Wednesday 17 September 2008

Mid-week musing

SFMOMA is currently deinstalling (aka painting over) Sol LeWitt'' s Wall Drawing #935 and #936 in preparation for the Martin Puryear exhibition. Artist Chris Cobbs, who has executed many of LeWitt's works, muses on the event on the SFMOMA blog.

Irving Sandler interviews Jerry Saltz - a sample:

To become a critic I read Artforum religiously. I wanted to write the way they wrote in that magazine, which seemed very cool, smart, and reserved, although I was secretly horrified because I barely understood a syllable of what I read. Worse, when I did understand what I read I kept thinking, “These people hate art!” At first I tried to write like that. Whenever I read what I had written afterwards I had no idea what I was talking about. I had all these other thoughts and feelings I wasn’t sharing. That’s when I began to change in my attitude about writing.

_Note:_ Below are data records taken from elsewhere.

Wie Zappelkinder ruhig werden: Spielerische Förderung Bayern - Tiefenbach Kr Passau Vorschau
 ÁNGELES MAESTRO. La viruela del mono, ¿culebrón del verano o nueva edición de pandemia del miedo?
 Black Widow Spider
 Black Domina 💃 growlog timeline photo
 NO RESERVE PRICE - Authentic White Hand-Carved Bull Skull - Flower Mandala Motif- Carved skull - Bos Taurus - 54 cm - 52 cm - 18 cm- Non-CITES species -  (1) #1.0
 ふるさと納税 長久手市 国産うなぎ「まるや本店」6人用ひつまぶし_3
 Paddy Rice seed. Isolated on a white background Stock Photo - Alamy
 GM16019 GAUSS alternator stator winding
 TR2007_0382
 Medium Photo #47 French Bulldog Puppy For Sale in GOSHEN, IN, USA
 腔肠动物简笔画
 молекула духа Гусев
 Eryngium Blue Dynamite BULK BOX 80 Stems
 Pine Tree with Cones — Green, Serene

In home town art debate, here's John Hurrell on the Walter's Prize on Radio New Zealand and his blog. From the blog post:

... when the selection committee for this year pick two past finalists (Reynolds and Robinson) to resubmit, something has to be wrong. The message is that Aotearoa doesn’t have the quantity and range of exciting practices to keep the exhibition continually fresh. In this country the inherent vibrancy needed doesn’t exist.

That is clearly not the case. More likely the committee didn’t do their homework and thoroughly scour through all the dealer exhibitions the length and breadth of the land. But with no South Island curator on the panel there was no incentive to ensure that. And with two of the four selectors from Auckland alone, the result seemed predestined to ensure Auckland parochialism, especially when the two repeating artists live in Auckland.
From conversations I've had recently, people are poking holes in the Walters from all directions, with a surprisingly common sentiment being that Reynolds and Robinson should have stepped aside.

Personally, I'm fine with people being re-nominated, if their work is judged by the committee to be at the top of the pile of the past two year's exhibitions. If you don't judge on merit, then the award risks turning into an everyone-gets-a-turn event.* My main complaint still lies in the lack of urgency for a two-yearly prize, and although I didn't get to New Plymouth for Peter Robinson's opening in the weekend, pictures I've seen confirm my suspicions that Ack will look outdated next to Snow Ball Blind Time.

*Sports analogy - sure, it'd reduce the feel-good factor if the same person wins twice in a row. But you don't stop sports people from competing just because they've won before. I guess you could always handicap artists like they do racehorses (make them install in the dark, maybe?)